> _What the task requires_:
From the data that follows, set down exactly the lines from the one with "Don't Forget Yourself" through the one with "Imgflip meme maker", counting both. Pictures stay out.

> _Data excerpts_:
_ _ _ _

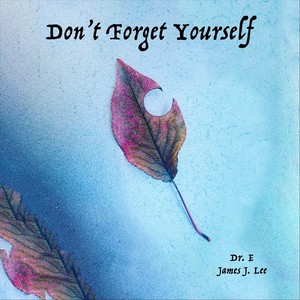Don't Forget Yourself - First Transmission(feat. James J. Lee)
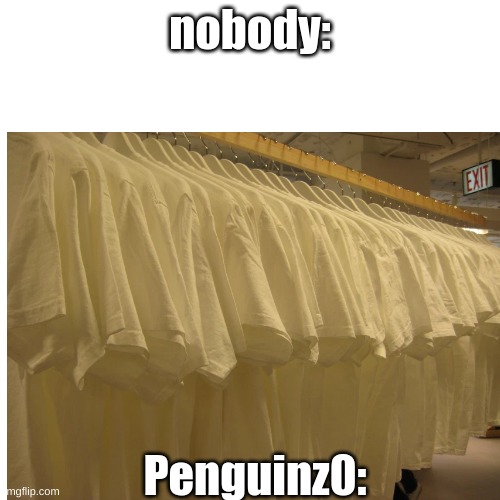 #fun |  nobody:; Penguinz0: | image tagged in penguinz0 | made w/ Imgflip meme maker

_ _ _ _

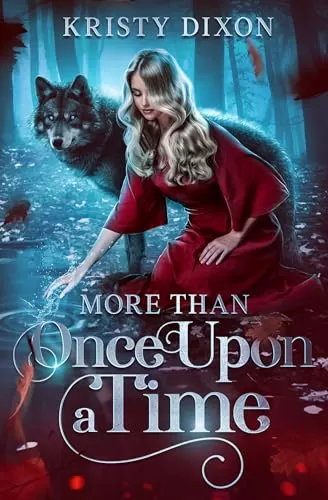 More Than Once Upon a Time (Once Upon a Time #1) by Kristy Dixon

_ _ _ _

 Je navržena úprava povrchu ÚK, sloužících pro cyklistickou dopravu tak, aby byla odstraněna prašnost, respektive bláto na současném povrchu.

_ _ _ _

> _Answer to this task_:
Don't Forget Yourself - First Transmission(feat. James J. Lee)
 #fun |  nobody:; Penguinz0: | image tagged in penguinz0 | made w/ Imgflip meme maker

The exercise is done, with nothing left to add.